We can also see what the mid-point frame looks like by projecting directly onto the pixel coordinates returned by the projection
[8]:
coords_new = np.transpose(proj.framedata.coords, (1, 0, 2, 3, 4)).reshape(3, -1, 2)
imgvals_new = np.transpose(proj.framedata.image, (1, 0, 2, 3)).reshape(3, -1)
# get the image extents in pixel coordinate space
x0 = np.nanmin(coords_new[:, :, 0])
x1 = np.nanmax(coords_new[:, :, 0])
y0 = np.nanmin(coords_new[:, :, 1])
y1 = np.nanmax(coords_new[:, :, 1])
# create the new frame which spans from the minimum to the maximum in (x, y)
x = np.arange(x0, x1, 0.5)
y = np.arange(y0, y1, 0.5)
X, Y = np.meshgrid(x, y)
# stack these coordinates together and create an indexer to loop through them
pix = np.column_stack([X.flatten(), Y.flatten()])

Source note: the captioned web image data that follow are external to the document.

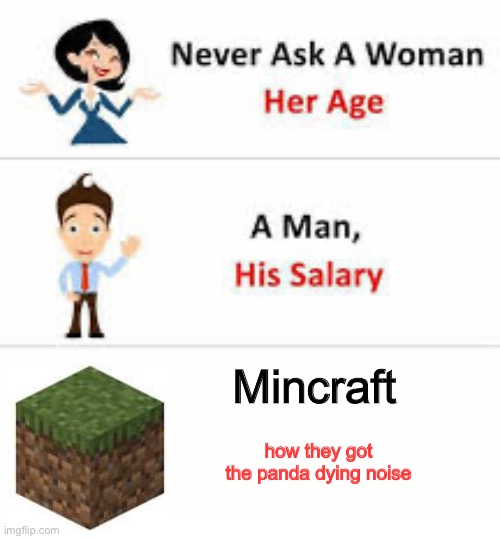 Never ask a woman her age | Mincraft; how they got the panda dying noise | image tagged in never ask a woman her age | made w/ Imgflip meme maker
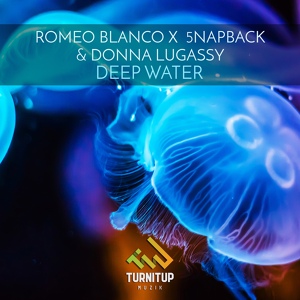 Обложка для Romeo Blanco X 5napback & Donna Lugassy - Deep Water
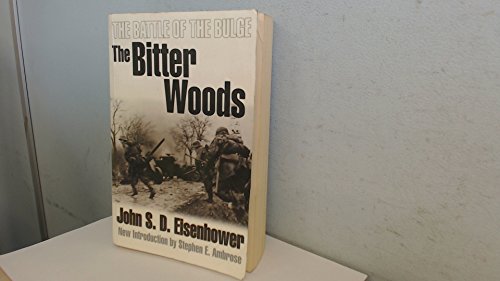 Beispielbild fr The Bitter Woods: The Battle of the Bulge zum Verkauf von WorldofBooks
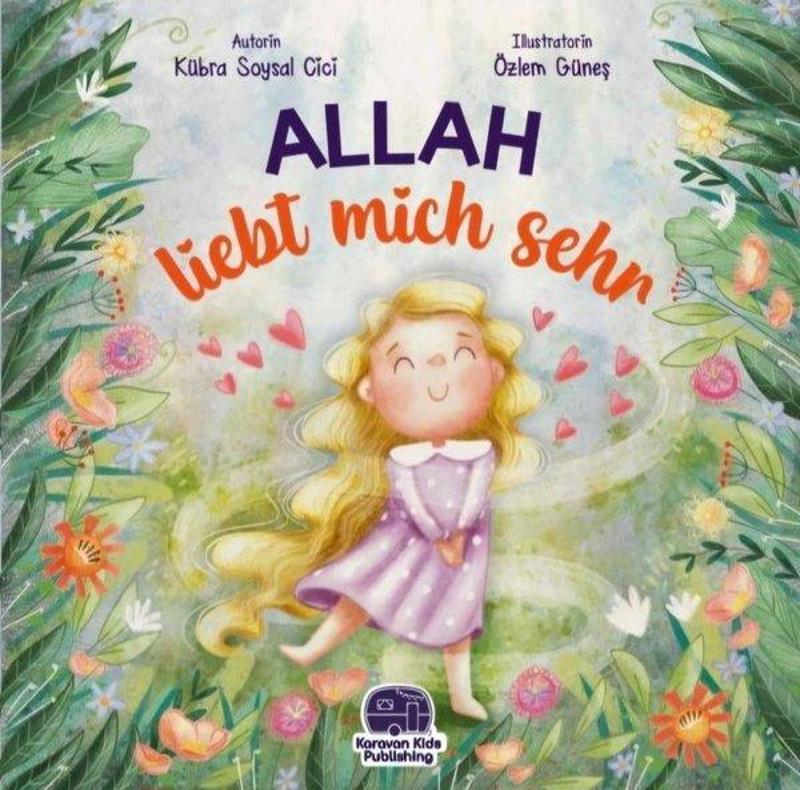 Allah Liebt Mich Sehr-O Beni Çok Seviyor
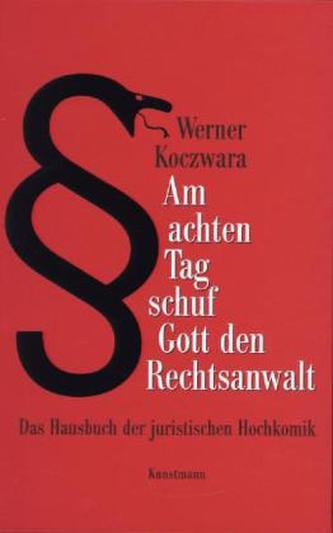 Am achten Tag schuf Gott den Rechtsanwalt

inds = np.asarray(range(len(pix)))
[9]:
IMG = create_image_from_grid(
coords_new, imgvals_new, inds, pix, X.shape, n_neighbor=10, max_dist=15
)
Calculating image values at new locations
Building image: 100%|████████████████████████████████████████████████████████████| 11018800/11018800 [01:44<00:00, 105113.79it/s]
[10]:
plt.figure(dpi=150)
plt.imshow(IMG / np.percentile(IMG, 99), origin="lower")
plt.show()
Clipping input data to the valid range for imshow with RGB data ([0..1] for floats or [0..255] for integers). Got range [0.0..6.18392866670756].